People v Desrocher
2018 NY Slip Op 06157 [164 AD3d 1548]
September 20, 2018
Appellate Division, Third Department
Published by New York State Law Reporting Bureau pursuant to Judiciary Law § 431.
As corrected through Wednesday, October 24, 2018


[*1]
 The People of the State of New York, Respondent,
v
Casey Desrocher, Appellant.

Adam H. Van Buskirk, Auburn, for appellant.

Andrew J. Wylie, District Attorney, Plattsburgh (Jeffrey C. Stitt of counsel), for respondent.

Appeal from a judgment of the County Court of Clinton County (Ryan, J.), rendered December 20, 2016, convicting defendant upon her plea of guilty of the crime of criminal sale of a controlled substance in the third degree (two counts).

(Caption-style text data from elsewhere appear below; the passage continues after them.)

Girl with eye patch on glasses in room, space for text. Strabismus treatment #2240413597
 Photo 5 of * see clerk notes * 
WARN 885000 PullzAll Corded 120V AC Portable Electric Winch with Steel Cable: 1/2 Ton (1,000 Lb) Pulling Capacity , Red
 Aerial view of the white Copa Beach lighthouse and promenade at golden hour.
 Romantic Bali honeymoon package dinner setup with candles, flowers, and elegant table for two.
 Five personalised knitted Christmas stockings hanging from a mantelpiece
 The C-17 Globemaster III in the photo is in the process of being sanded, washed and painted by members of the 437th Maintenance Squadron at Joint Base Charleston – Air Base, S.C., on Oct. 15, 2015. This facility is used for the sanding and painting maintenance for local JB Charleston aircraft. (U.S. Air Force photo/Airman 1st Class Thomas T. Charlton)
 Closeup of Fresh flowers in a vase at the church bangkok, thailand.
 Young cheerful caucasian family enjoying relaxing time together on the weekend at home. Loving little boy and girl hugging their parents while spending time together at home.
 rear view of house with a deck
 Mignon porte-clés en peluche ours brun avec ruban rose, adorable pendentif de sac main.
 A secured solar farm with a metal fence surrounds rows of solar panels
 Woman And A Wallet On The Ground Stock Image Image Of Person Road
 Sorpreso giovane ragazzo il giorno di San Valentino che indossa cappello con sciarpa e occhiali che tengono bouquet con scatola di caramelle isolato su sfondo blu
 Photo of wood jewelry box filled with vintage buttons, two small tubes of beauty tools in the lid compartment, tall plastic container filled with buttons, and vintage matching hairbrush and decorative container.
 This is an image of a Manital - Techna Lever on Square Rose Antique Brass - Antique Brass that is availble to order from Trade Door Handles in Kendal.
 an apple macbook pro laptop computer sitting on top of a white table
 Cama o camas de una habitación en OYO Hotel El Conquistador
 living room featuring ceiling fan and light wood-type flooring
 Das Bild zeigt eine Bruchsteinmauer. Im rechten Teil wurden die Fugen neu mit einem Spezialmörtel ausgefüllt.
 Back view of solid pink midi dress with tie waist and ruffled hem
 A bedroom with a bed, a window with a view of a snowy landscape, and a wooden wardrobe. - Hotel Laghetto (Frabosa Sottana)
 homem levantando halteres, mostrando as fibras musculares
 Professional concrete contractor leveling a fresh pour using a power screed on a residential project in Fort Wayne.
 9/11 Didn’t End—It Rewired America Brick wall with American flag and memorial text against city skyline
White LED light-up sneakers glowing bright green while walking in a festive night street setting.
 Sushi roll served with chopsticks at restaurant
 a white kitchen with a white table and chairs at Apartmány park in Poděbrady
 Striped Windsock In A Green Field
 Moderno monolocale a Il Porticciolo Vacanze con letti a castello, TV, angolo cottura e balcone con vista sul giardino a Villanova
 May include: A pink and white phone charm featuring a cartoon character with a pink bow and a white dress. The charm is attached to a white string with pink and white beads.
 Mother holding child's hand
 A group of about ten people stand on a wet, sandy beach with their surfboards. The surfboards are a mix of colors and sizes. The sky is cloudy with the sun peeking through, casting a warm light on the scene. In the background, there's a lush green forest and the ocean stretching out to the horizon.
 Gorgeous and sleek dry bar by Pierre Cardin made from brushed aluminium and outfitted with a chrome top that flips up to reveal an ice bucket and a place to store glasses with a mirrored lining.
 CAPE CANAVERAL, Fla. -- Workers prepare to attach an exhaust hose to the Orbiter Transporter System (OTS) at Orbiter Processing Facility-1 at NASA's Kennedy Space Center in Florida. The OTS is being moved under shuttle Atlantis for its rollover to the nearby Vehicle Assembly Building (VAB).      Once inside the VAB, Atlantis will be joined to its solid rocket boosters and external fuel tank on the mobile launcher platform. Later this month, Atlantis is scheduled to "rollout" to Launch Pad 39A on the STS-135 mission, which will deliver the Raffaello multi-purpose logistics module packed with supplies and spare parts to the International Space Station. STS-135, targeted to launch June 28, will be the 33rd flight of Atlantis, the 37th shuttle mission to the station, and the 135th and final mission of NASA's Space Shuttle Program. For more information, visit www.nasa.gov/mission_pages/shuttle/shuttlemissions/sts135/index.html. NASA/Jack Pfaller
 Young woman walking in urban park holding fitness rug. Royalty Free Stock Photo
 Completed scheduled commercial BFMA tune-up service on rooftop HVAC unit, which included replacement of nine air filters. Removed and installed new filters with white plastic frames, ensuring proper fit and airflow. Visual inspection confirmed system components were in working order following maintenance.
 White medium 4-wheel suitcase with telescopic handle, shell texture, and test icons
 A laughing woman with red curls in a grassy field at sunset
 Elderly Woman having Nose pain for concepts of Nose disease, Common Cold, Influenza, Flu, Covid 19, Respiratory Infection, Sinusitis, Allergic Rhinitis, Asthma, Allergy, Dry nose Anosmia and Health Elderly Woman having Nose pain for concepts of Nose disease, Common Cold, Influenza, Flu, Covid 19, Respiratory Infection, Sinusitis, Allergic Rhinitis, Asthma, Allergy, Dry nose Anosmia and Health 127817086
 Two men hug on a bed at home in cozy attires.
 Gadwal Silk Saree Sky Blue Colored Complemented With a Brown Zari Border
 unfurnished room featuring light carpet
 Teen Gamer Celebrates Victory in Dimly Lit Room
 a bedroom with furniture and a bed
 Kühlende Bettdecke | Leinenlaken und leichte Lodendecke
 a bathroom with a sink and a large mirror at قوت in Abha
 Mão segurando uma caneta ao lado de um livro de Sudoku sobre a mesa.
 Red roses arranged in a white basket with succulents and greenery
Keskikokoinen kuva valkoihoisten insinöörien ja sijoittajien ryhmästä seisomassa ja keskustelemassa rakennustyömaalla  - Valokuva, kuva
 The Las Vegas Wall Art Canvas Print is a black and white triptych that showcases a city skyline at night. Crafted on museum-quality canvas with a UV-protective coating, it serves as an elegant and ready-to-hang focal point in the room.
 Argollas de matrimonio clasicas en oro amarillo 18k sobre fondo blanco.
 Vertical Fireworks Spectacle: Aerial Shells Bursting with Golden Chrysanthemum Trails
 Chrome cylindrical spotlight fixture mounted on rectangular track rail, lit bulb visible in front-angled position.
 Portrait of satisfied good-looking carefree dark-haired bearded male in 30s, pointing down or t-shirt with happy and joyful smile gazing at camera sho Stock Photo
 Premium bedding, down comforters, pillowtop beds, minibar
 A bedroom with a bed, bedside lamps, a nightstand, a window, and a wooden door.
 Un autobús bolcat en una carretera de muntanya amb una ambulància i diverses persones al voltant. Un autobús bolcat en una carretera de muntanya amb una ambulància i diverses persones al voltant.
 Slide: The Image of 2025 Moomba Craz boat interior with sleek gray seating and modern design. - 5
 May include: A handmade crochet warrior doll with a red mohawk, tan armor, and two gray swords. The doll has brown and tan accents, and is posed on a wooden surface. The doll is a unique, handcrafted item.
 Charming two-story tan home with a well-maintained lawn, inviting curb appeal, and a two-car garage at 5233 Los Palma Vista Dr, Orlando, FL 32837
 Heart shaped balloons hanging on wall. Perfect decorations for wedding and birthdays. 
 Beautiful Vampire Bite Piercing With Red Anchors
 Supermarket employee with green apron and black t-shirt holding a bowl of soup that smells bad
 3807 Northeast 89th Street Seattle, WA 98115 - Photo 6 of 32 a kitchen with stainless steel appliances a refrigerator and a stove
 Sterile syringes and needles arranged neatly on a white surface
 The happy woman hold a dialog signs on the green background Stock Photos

In satisfaction of a four-count indictment, defendant pleaded guilty to two counts of criminal sale of a controlled substance in the third degree, admitting that she had sold heroin on the dates charged. Consistent with the plea agreement, County Court sentenced defendant, as an admitted second felony offender, to concurrent prison terms of three years for each conviction, to be followed by three years of postrelease supervision, to be served consecutively to the prison term she was then serving. Defendant now appeals.

Initially, we agree with defendant that her waiver of appeal is not valid. While a waiver of appeal was recited as a condition of the plea agreement, the record does not contain a written waiver and the plea allocution reflects that, after defendant indicated that she did not understand the waiver of appeal, County Court allowed her to confer with counsel but failed to make clear that the right to appeal is separate and distinct from the trial-related rights that were automatically forfeited by her guilty plea (see People v Lopez, 6 NY3d 248, 256 [2006]; People v Warren, 160 AD3d 1286, 1287 [2018]; People v Destouche, 154 AD3d 1003, 1004 [2017]). As the record does not demonstrate that defendant had a "full appreciation of the consequences" of the waiver so as to establish that it was knowing, voluntary and intelligent (see People v Bradshaw, 18 NY3d 257, 264 [2011] [internal quotation marks and citation omitted]; compare People v Sanders, 25 NY3d 337, 339-341 [2015]), her challenge to the sentence as harsh and excessive is not precluded (see People v Lopez, 6 NY3d at 256). Nevertheless, we conclude that her challenge to the severity of the sentence lacks merit given her extensive criminal record and the fact that the drug sales occurred while she was on probation for a grand larceny conviction. Considering that defendant faced potential consecutive 12-year sentences for each of the heroin sales, which occurred months apart (see Penal Law §§ 70.25 [2]; 70.70 [1] [b]; [3] [b] [i]), we discern no extraordinary circumstances or abuse of discretion warranting a reduction of the agreed-upon sentence in the interest of justice.

[*2] We are unpersuaded by defendant's argument that her sentence should be reduced because the parties were under the apparent misapprehension that, pursuant to Penal Law § 70.25 (2-a),[FN*] the sentences on the drug sale convictions were required, by law, to be imposed consecutively to the indeterminate 1- to 3-year sentence she was serving at the time of this sentencing. Defendant was aware that, regardless of the reason, the People's plea offer required that the sentences on the drug sales be served consecutively to the undischarged prison term that she was then serving, and defendant knowingly accepted that condition of the plea. We have examined defendant's remaining contentions and find that they lack merit.

Garry, P.J., Clark, Mulvey, Aarons and Pritzker, JJ., concur. Ordered that the judgment is affirmed.

Footnotes


Footnote *:The record reflects that the charged sales were committed on December 7, 2015 and March 23, 2016. Subsequent to those sales, defendant was resentenced on May 4, 2016 to an indeterminate (1- to 3-year) prison term for violating probation on her prior grand larceny conviction. Thus, on the dates that the drug sales were committed, defendant was not "subject to an undischarged indeterminate . . . sentence of imprisonment" (Penal Law § 70.25 [2-a]) so as to require that the drug sale sentences run consecutively to the indeterminate prison term. However, the terms of the plea agreement required consecutive sentencing.